● WHAT TO DO
Set the listing down unchanged, minus every embedded image.

═══ GIVEN DATA ═══

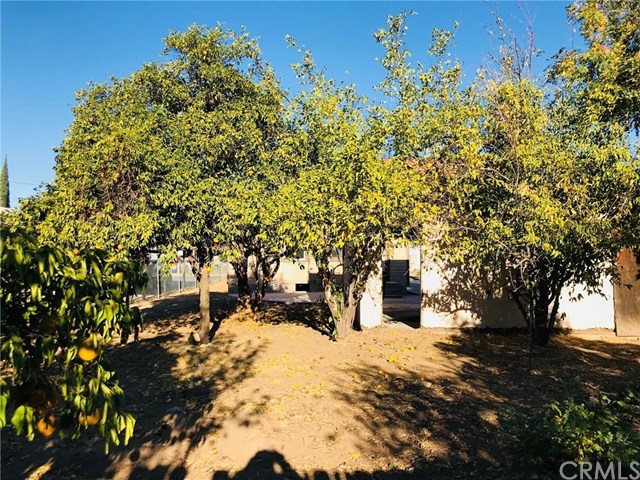 7628 Freda Avenue Riverside, CA 92504 - Photo 9 of 20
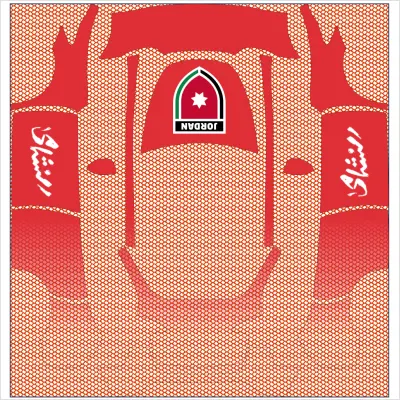 Nashama Red MY – covering Tesla Model Y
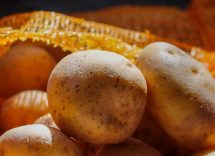 come conservare patate per non farle germogliare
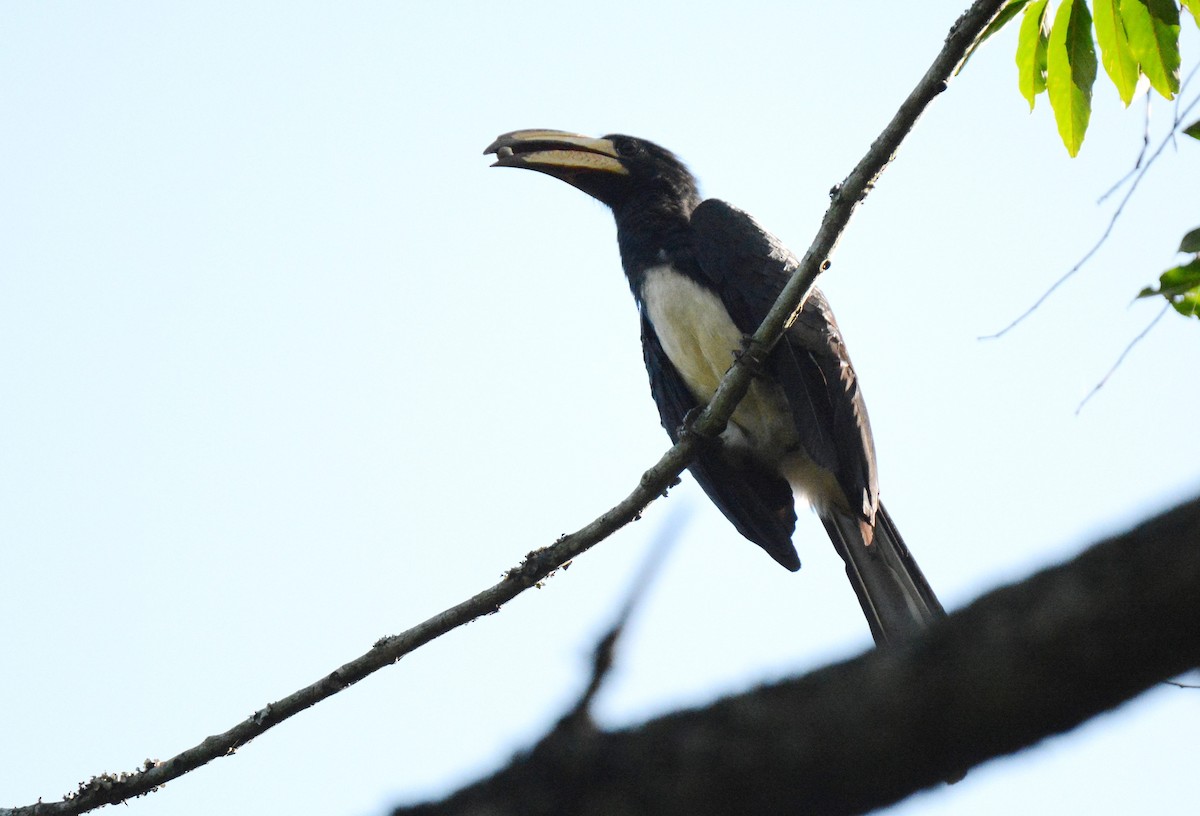 Congo Pied Hornbill - Kyle Kittelberger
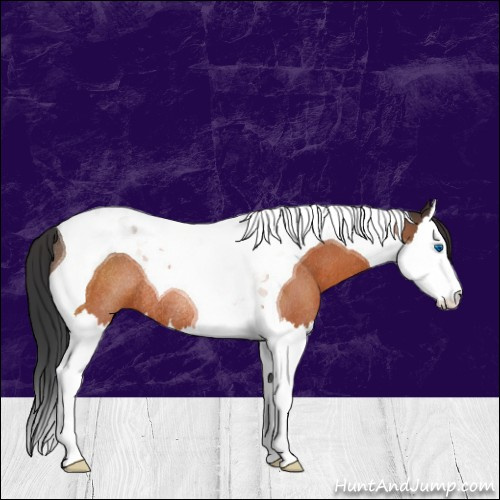Horse Color:Brown Splash Tobiano Rabicano 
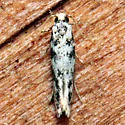 Melanocinclis sparsa - Hodges#1505 - photo 3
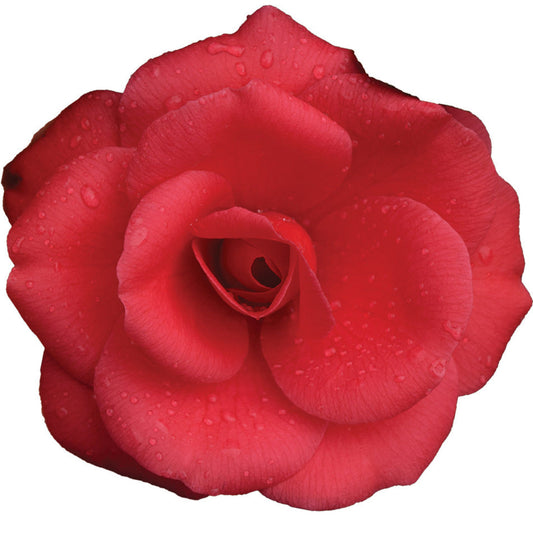 Cold-hardy Arctic Rose Camellia flowering in early spring with bright, full pink blossoms.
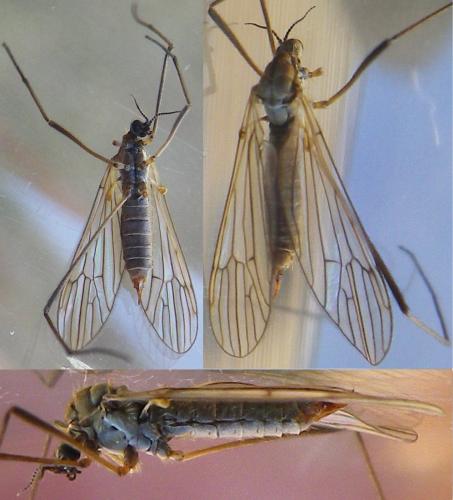 Réf. 138 805 : Erioconopa trivialis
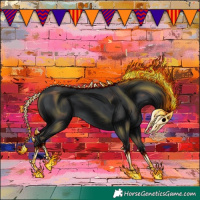 Horse Color:Black 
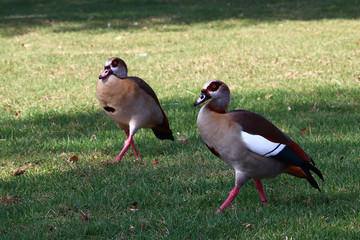 A couple of Egyptian geese (Alopochen aegyptiaca) on the grass in a park.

═══

● YOUR RESPONSE
 7628 Freda Avenue Riverside, CA 92504 - Photo 9 of 20
 Nashama Red MY – covering Tesla Model Y
 come conservare patate per non farle germogliare
 Congo Pied Hornbill - Kyle Kittelberger
Horse Color:Brown Splash Tobiano Rabicano 
 Melanocinclis sparsa - Hodges#1505 - photo 3
 Cold-hardy Arctic Rose Camellia flowering in early spring with bright, full pink blossoms.
 Réf. 138 805 : Erioconopa trivialis
 Horse Color:Black 
 A couple of Egyptian geese (Alopochen aegyptiaca) on the grass in a park.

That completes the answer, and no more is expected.